If this weren’t enough to convince of the need for a renewed focus on sex and relationships education, the sexual health charity Brook has published the results of a 15 year study on BMJ Open. The research surveyed 10 countries (including the UK) and found that sex education is out of touch, relies on gender stereotypes, and often leaves female pupils at risk of harassment if they participated. Many pupils believed that schools saw sex as a problem to be managed, with no discussions of pleasure. There was little to no discussion of gay, bisexual, or transgender sex and the teachers themselves admitted to “discomfort” at teaching SRE.

Together these studies paint a depressing picture. Our research has shown that many young women suffer harassment and are subject to sexualised bullying when at school; this is a problem that starts early and becomes more and more entrenched. We are still seeing a lack of understanding around gender stereotypes and their relationship to violence against women.

We recently asked parents, teachers and support staff their thoughts on the landscape of healthy relationships education in early primary in Scotland (aged 5-8). The results were overwhelmingly conclusive - 80% of respondents reported that they were not aware of any specific materials available for children aged 5-8 on navigating social relationships, but 97.5% of respondents agreed that there should be. 57% of parents also reported seeing a marked change in attitudes towards gender roles displayed by their children when making the transition from nursery to primary school, suggesting this is a key time for intervention.

Our 2014 survey asked 237 young people aged 14 – 19 about their feelings around pornography, sex, and relationships. Only a quarter of the young people surveyed listed formal sex education at school as their main source of sex education and significant numbers of those wanted more sex and relationships information to be made available to them, on a wider variety of topics.

Of particular concern is a lack of understanding around gender stereotypes and their relationship to violence against women. Young women still experience gender inequality in schools as well as growing pressure in their personal relationships. The evidence of increasing coercion in teen relationships shows the undeniable need for strategic leadership to foster healthy attitudes at the earliest possible opportunity.

What is clear from these studies is that schools lack the guidance, training, and structures to deal with incidents of sexual harassment and sexual violence. Too often such incidents are brushed aside by staff and not taken sufficiently seriously by school leaders.

At Zero Tolerance we have long held the position that our education system is a key place to tackle the primary causes of gender based violence. What may seem like harmless banter or teenage hijinks are hugely detrimental to a learning environment and, moreover, do not suddenly stop when young people leave school. Teachers are clearly calling for more guidance, more school time, and more resources to address sexual bullying in schools.
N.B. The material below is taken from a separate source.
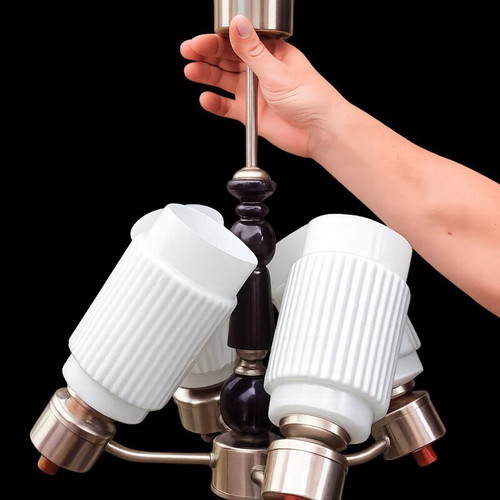 Retro style ceiling lamp used with 4 glass shades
We need a whole schools approach, involving staff, students, governors, and parents, in addition to local child safeguarding bodies, police, and specialist third sector organisations.

There is only so much research, only so many reports, surveys, statistics, polls that can show what we already know: that sexual harassment in schools is being swept under the rug and that sex and relationships education in the UK needs a radical rehaul if it is to reduce gender based violence and work effectively for our young people.